> **PROMPT**
Print exactly the line that contains "Le multimilliardaire Sheldon", then every following line through the end of the material; include nothing else and no pictures.

> **SOURCE DATA**
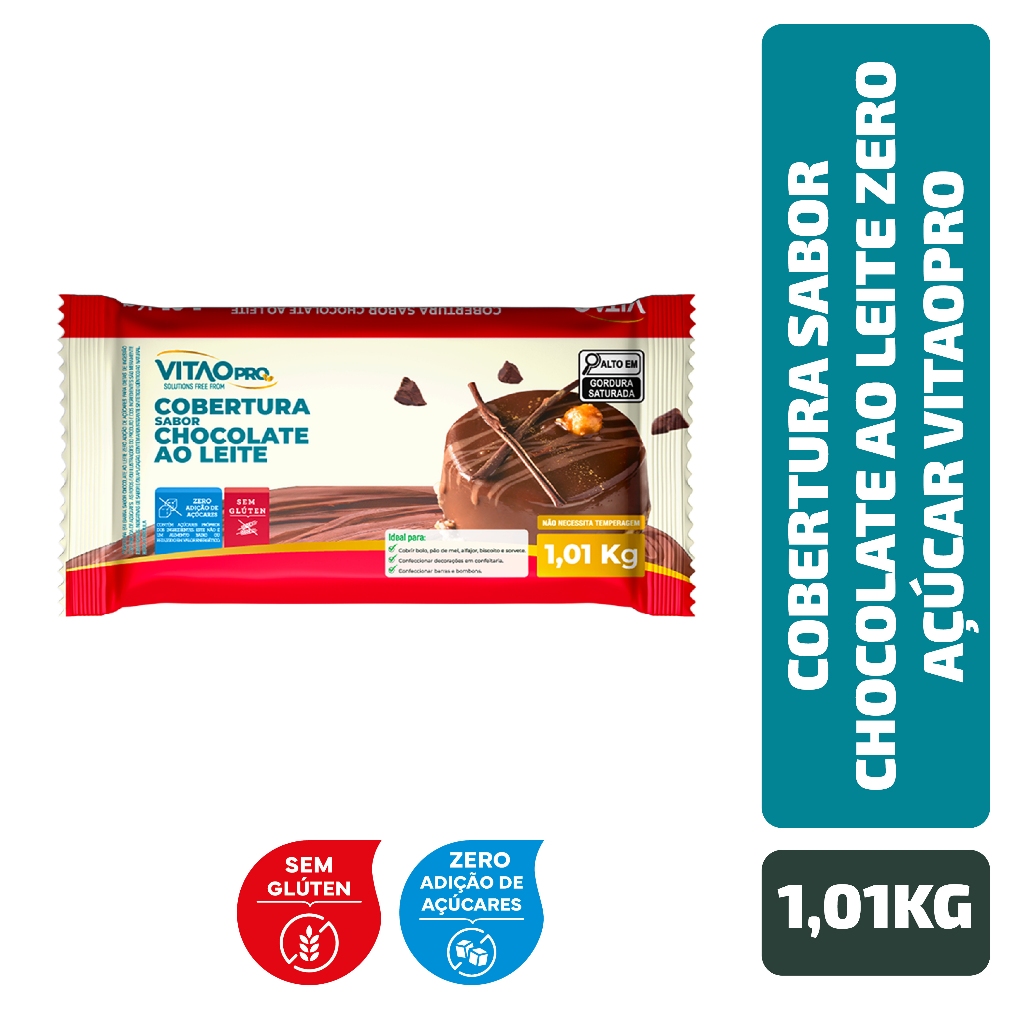 Cobertura Sabor Chocolate Ao Leite Zero Açúcar VitaoPRO 1,01 Kg em Oferta na Shopee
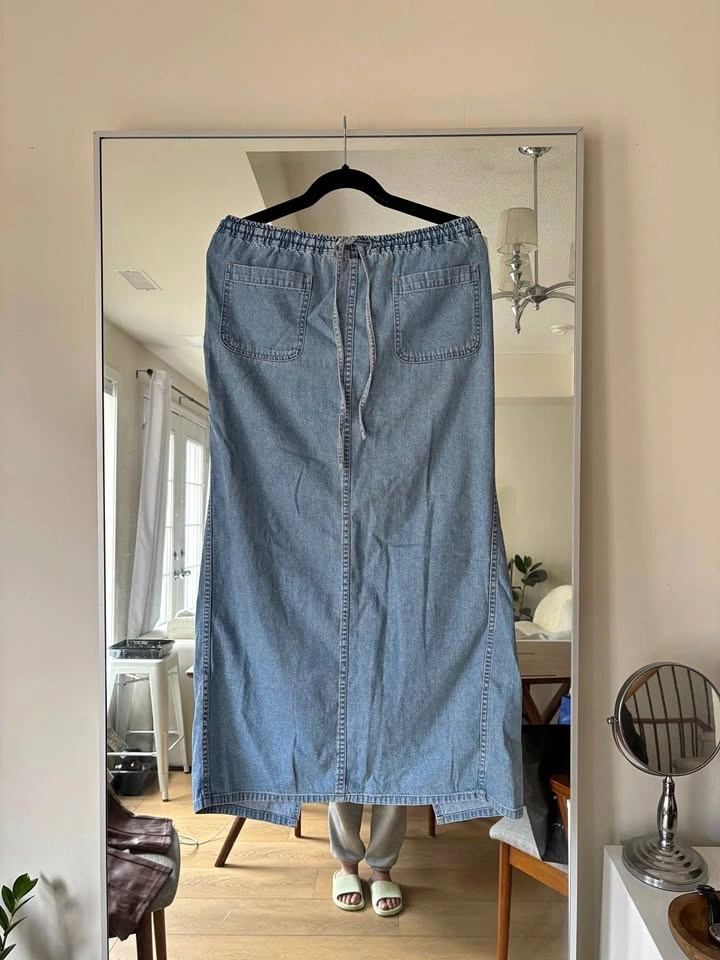 Maternity Denim Maxi Skirt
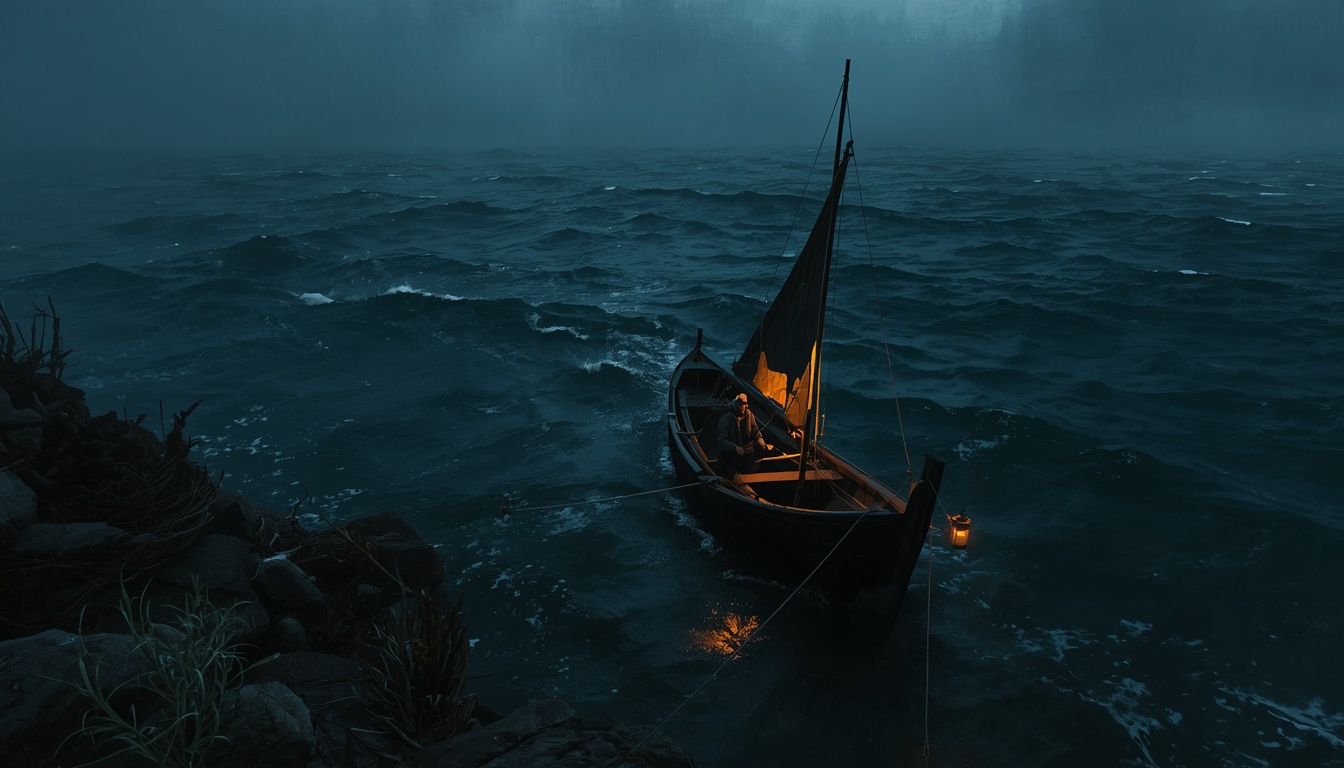 A small dark-sailed boat is tossed on heavy open water with only a stern lantern lit.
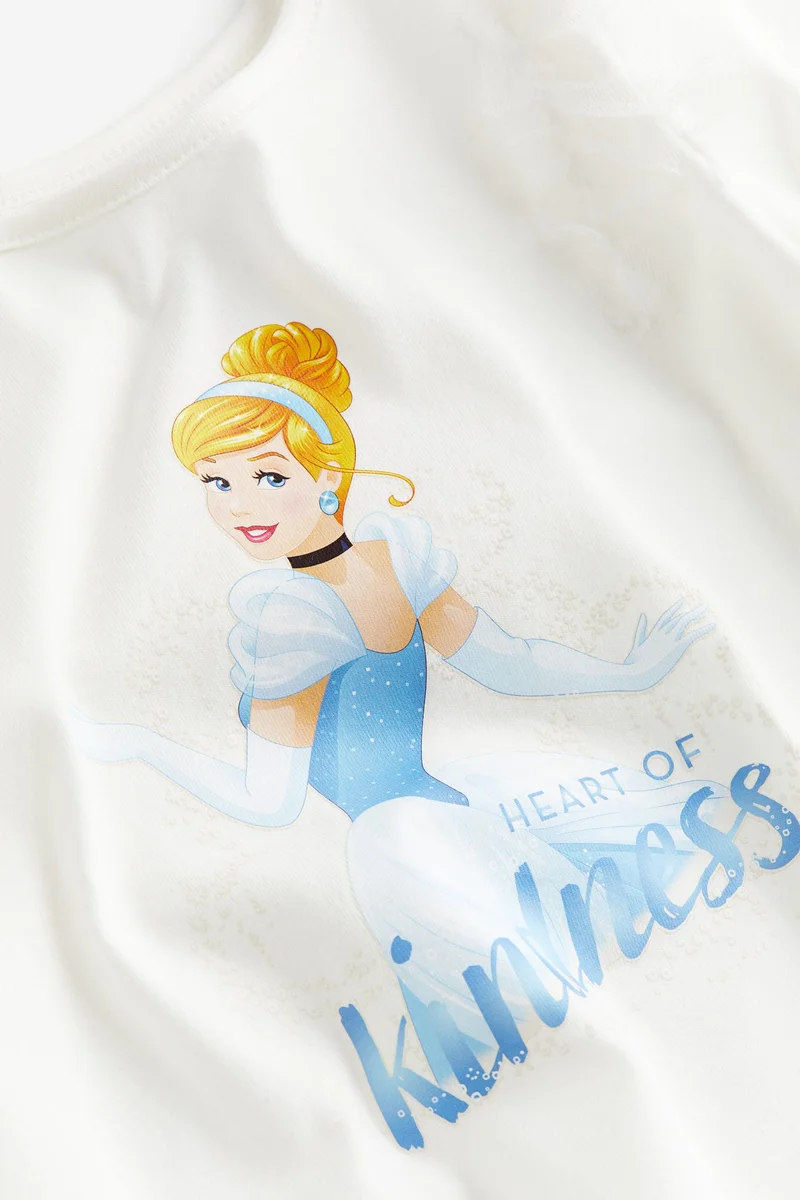 H&M Frill-trimmed printed top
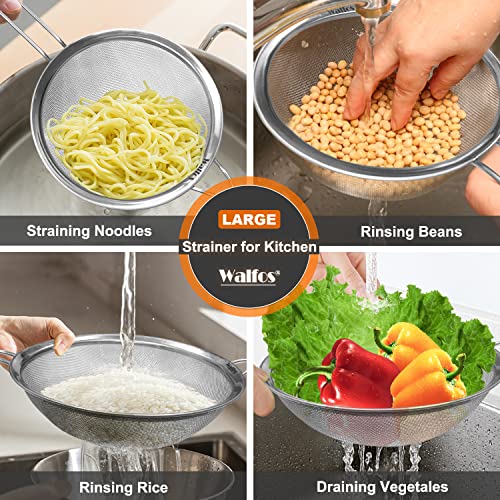 Walfos 9.35 Inch Large Fine Mesh Strainer, Stainless Steel 30 Mesh Sieve with Sturdy Handle, Kitchen Food Strainers Sifters for Rice, Quinoa, Pasta, Fruits, Vegetables, etc. - style: 9.35" Extra Large Strainer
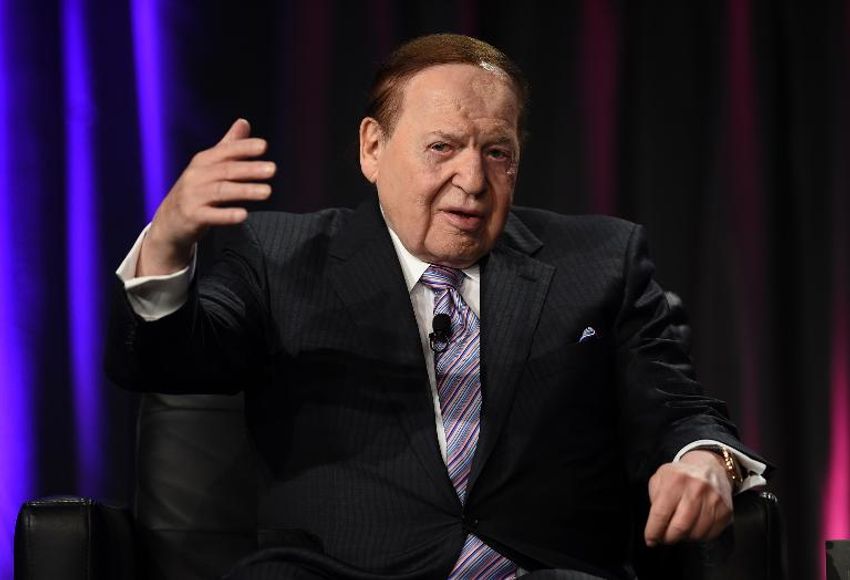 Le multimilliardaire Sheldon Adelson, qui s'est mobilisé en faveur de Benyamin Netanyahou pour les élections israéliennes, le 1er octobre 2014 à Las Vegas.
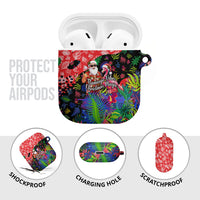 Christmas In July Flamingo AirPods Case Magic Santa Claus Festive Tropical Hawaiian Beach Birds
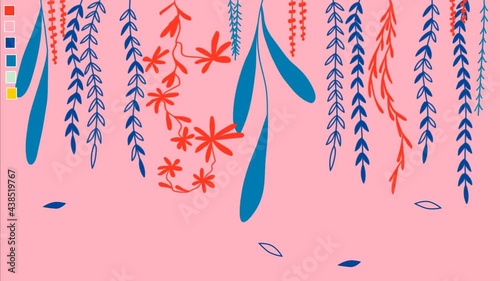 Animated pink background falling leaves looping animation with liana plants  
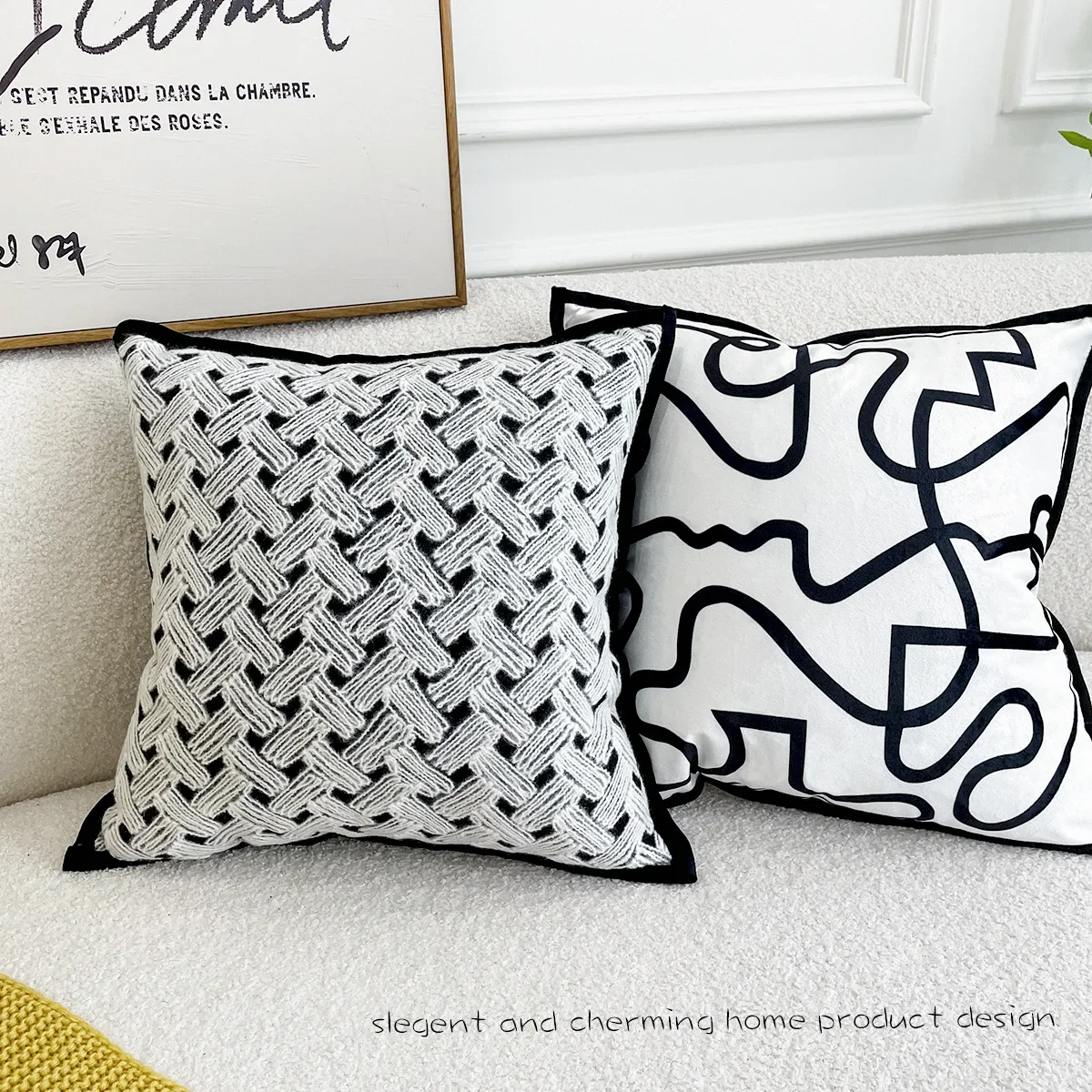 2-częściowy zestaw poszewek na poduszki z aksamitu w stylu nordyckim z nadrukiem w paski, żakardowe poszewki na poduszki dekoracyjne 45x45cm do salonu, sypialni, na sofę, do domu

> **FINISHED TASK**
 Le multimilliardaire Sheldon Adelson, qui s'est mobilisé en faveur de Benyamin Netanyahou pour les élections israéliennes, le 1er octobre 2014 à Las Vegas.
 Christmas In July Flamingo AirPods Case Magic Santa Claus Festive Tropical Hawaiian Beach Birds
 Animated pink background falling leaves looping animation with liana plants  
 2-częściowy zestaw poszewek na poduszki z aksamitu w stylu nordyckim z nadrukiem w paski, żakardowe poszewki na poduszki dekoracyjne 45x45cm do salonu, sypialni, na sofę, do domu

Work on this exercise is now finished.